O preço é a vida putrefeita. É não ter valor algum. É não ser. Esquecidos de nós mesmos, vivendo os dias que nos restam. Sabendo que um dia irão acabar. Temendo a passagem do tempo. Vendo o quanto o Tempo é implacável. Aquele que denuncia a nossa inexistência, a nossa impossibilidade de estarmos perante a eternidade. O que resta é um amontoado de regras religiosas e esperanças estúpidas e tolas em um pós-vida imaginário. Ir a Igreja quando a velhice chega, pedir perdão pelos pecados. Perceber no vazio interior, que ali faltou um ser central, que negamos a vida toda.

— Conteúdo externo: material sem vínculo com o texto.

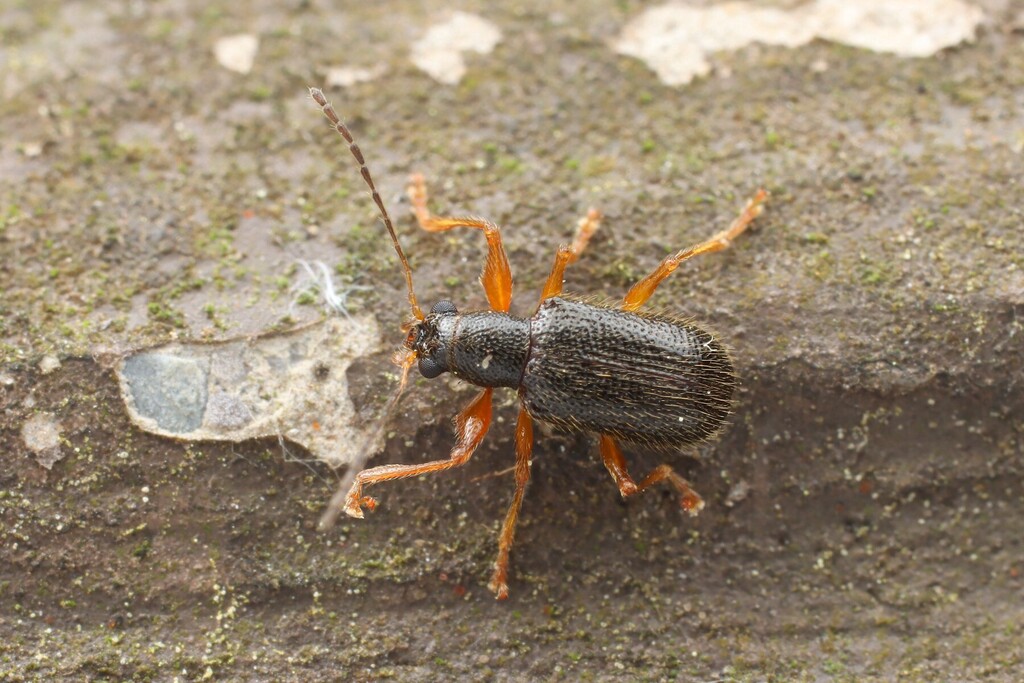 Trichotheca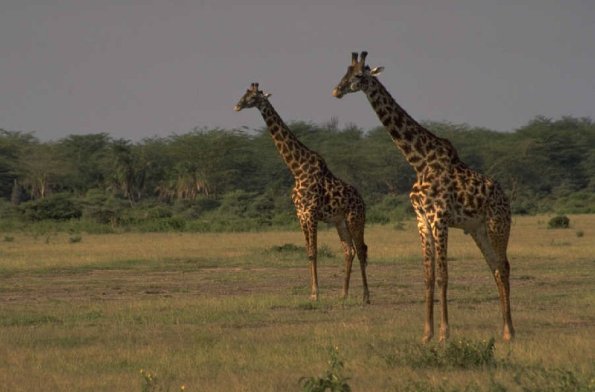 Animals 4146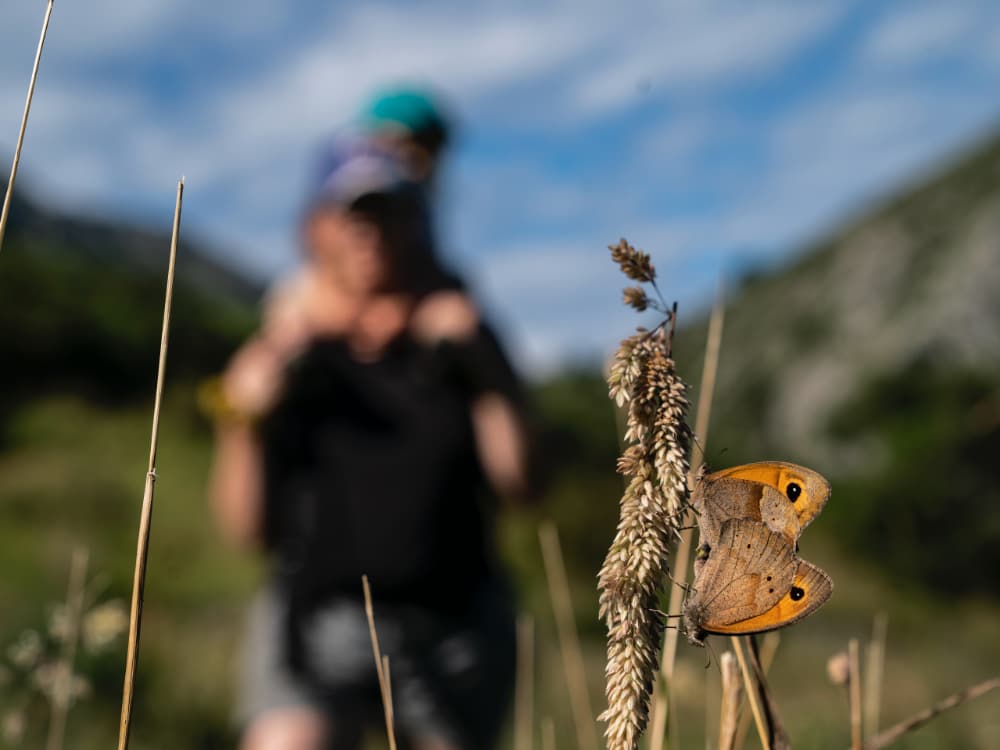 Wild Finca Pic 6 Wild Finca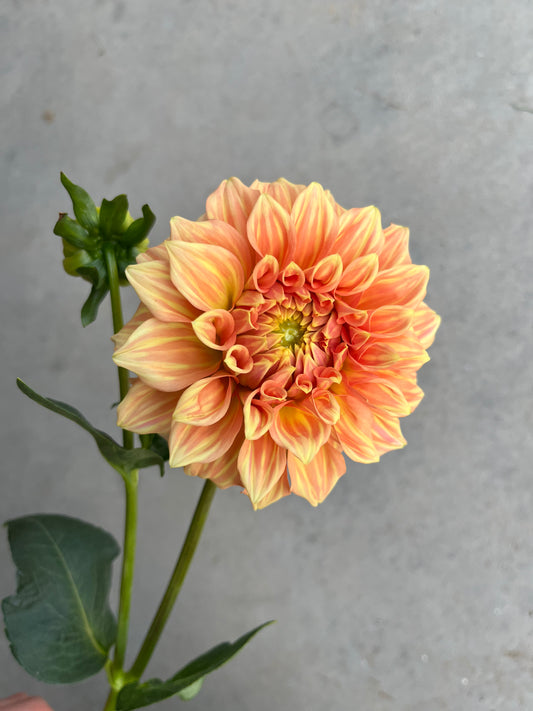RC- Dahlia 'Bracken Sarah'  (1 plant)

O ser real, o Eu verdadeiro. Aquele que sabe quem é e o que aqui estamos fazendo. Aquele que daria um sentido para a velocidade com que os anos passam. O quão curto é uma existência. O quanto perdemos, deixamos de lado, vivendo sem compreender a nada. A falta de perceber o mundo. Percebermos quem somos. Percebemos o quanto esquecidos estamos em nossos jogos, em nossas crenças, na pseudo-realidade inexistente que criamos.

É pouco, muito pouco o que tivemos. O quanto deixamos de andar. O que deixamos de lado em nome da enorme mentira do mundo. Um todo de cascas. Um todo de pessoas que fazem qualquer coisa por atenção e reconhecimento, apenas para se sentirem reais.

Não é necessária a atenção alheia. Nem o reconhecimento da sociedade. Nem nos enquadramos em nome de algum ideal coletivo. Não vale o preço. Ser apenas mais uma pedra no muro.

Apenas uma engrenagem na grande máquina que é o coletivo. Engrenagem moldada para se encaixar. Engrenagem que deve ser consertada para que o grande mecanismo funcione. Deixamos tudo de lado em nome de um funcionamento. Em nome de algo que não nos pertence. Que não pertence a ninguém.

Só aquele momento pode nos tirar desse teatro de horrores. Aquele em que olhamos para o espelho e não vemos alguém. Vemos quem somos.

Nada mais. Nada menos. A realidade.

É nesse momento, quanto mais nos conhecemos, mais esquecemos de nós mesmos.